И когда телега поравнялась с денником, Шквал высунул голову и шею, ухватился зубами за хомут Орлика и в полном смысле этого слова поднял ни в чем неповинную лошадку в воздух! Невысоко, сантиметров на двадцать от земли, но все наблюдавшие это зрелище были в восторге. Кроме, пожалуй, самого Орлика, который вообще никак не отреагировал. Висел и дожевывал сворованный где-то кусок сена.

Жаль, что в эфир эти кадры не пошли – освещение подвело. Но на кассете, которую я забрала потом у оператора, эта сцена есть.

В прочем, далеко не все было так весело И не все хорошо кончалось. Одни из последних съемок – уже в сентябре – проходили под дождем. Мелким, но холодным. По просьбе корреспондента я поездила шагом-рысью-галопом, сделала несколько прыжков и пошла в конюшню давать интервью. А Саша остался отшагивать Шквала.

Сразу после мы занимались с детьми, которых, несмотря на дождь, приехало целых 13 человек. С каждым по полчаса, пусть даже на двух лошадях, что заняло три с половиной часа. И когда мы наконец закончили, Сашу уже хорошо знобило.

И он заболел. И заболел сильно. Говорил, что ходит, как летает – ног не чувствует. А потом начал сильно кашлять и … исчез.

Просто однажды не пришел на тренировку и работу с детьми. И первый раз не привел и не накормил Беллу, которая стояла тогда в сарайчике под наблюдением Саши.
Ключ от этого сарая мне передала Сашина мама. Я была в ярости (еще бы – работа сорвана, кобыла день не кормлена и не поена), и выпытывать, где мой тренер не стала.
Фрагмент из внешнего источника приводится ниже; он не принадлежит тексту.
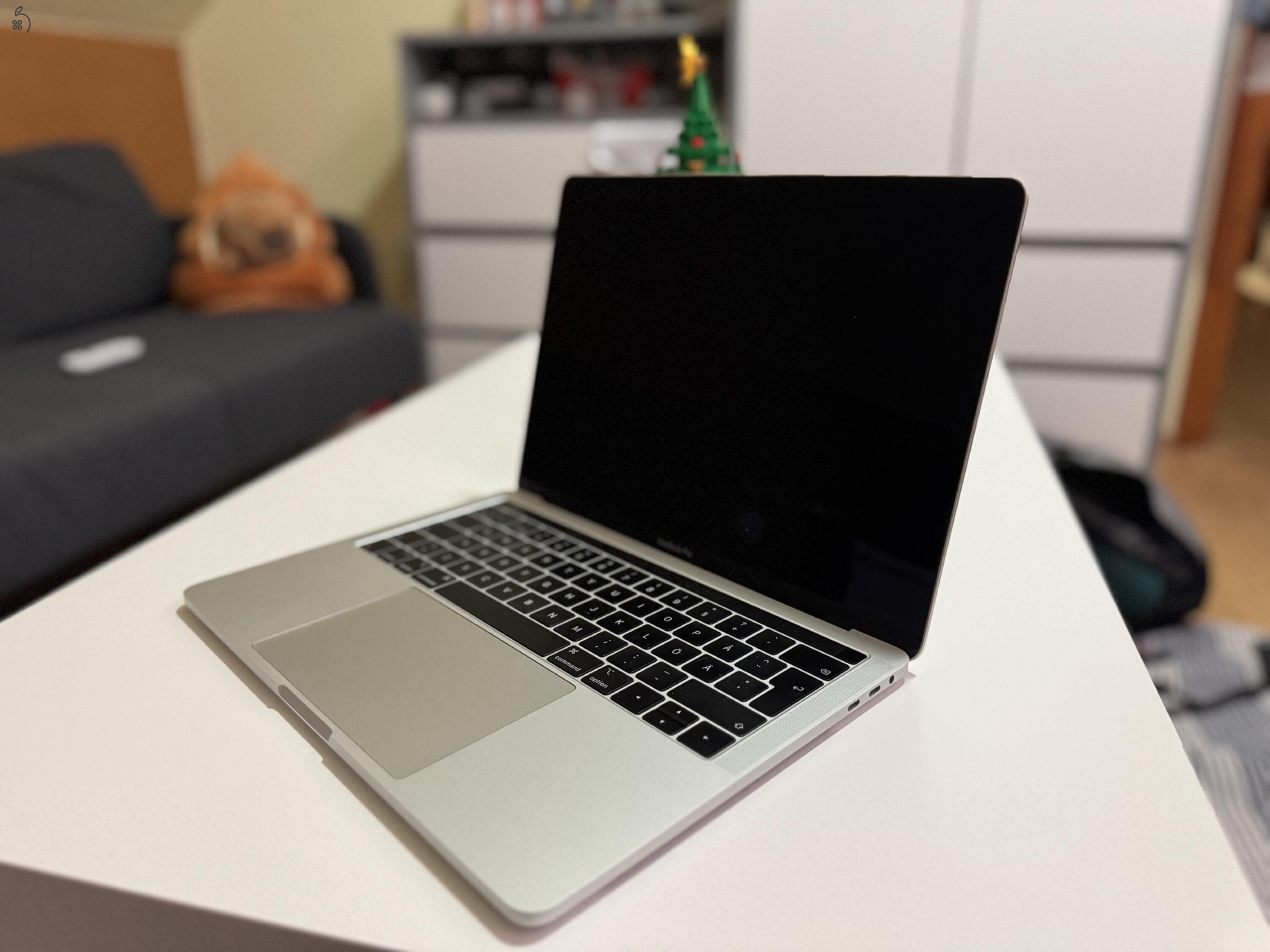 Macbook Pro 13-inch 2019 8gb 256gb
А она не стала сама говорить.

Но Саша не пришел ни на следующий день, ни через день. Ни через неделю. Потом он скажет, что закрытая форма туберкулеза перешла у него в открытую, и он не мог ни работать с детьми, ни даже говорить с кем-то на эту тему.

Говорят, он сильно пил в это время. Другие говорят, что не пил, а был в больнице. Третьи – что уехал работать куда-то в Витебскую область. Не знаю, что и как было на самом деле.
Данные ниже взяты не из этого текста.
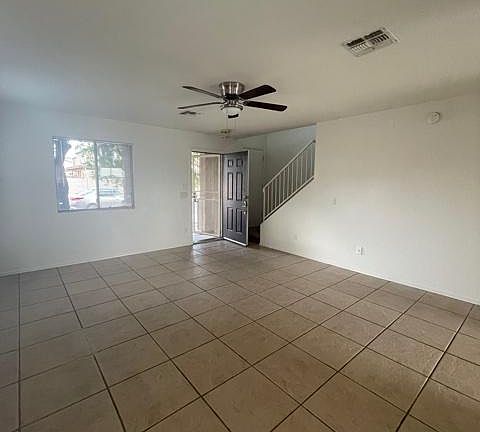 3rd image of 5566 S Monrovia Ave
Взаимно друг на друга обидевшись, несколько месяцев мы не общались вообще. И хотя отношения (и даже их теплота) потом восстановились, работать вместе нам не довелось. Общались в основном по телефону, потом мой тренер куда-то вновь пропал.
Я не знаю, где сейчас Саша, не знаю, все ли у него хорошо.
Но на каждых соревнованиях (которые, увы, доводится посещать все реже) обязательно вглядываюсь в сборища конников старого поколения. А вдруг?
Но Саши среди них нет.


ЛИРИЧЕСКОЕ РАССУЖДЕНИЕ О КЛИЕНТАХ, ДРУЗЬЯХ И ПРЕЛЕСТЯХ СОБСТВЕННОЙ КОНЮШНИ

Примерно в это время (за месяц до переезда из Ратомки в Тарасово) у меня появился новый клиент -- Алеша, ставший впоследствии неклиентом или прокатчиком, а хорошим другом и вторым (кроме Виты) арендатором Беллы.

Появился Алеша не сам по себе, а с помощью моей мамы.

Встретились они возле большого ратомского манежа. Мама спешила на занятия по иппотерапии, а Алеша искал контору, чтобы оплатить абонемент за прокат. И спросил у мамы, где эта самая контора находится.

-- А зачем вам прокат? – тут же отреагировала мама. – Приходите лучше к нам. Все занятия индивидуальные, так вы гораздо лучше и быстрее ездить научитесь.

И он пришел.

Маме этот «мальчик», как она называла Алеша, запомнился, как она говорила, очень красивыми ресницами. А мне тем, что он очень долго и бестолково искал к нам (то есть на верхние конюшни) дорогу. Минут сорок, не меньше, хотя от прокатской конюшни и до верхних, пять минут пути. А Алеша был даже не пешком -- на машине.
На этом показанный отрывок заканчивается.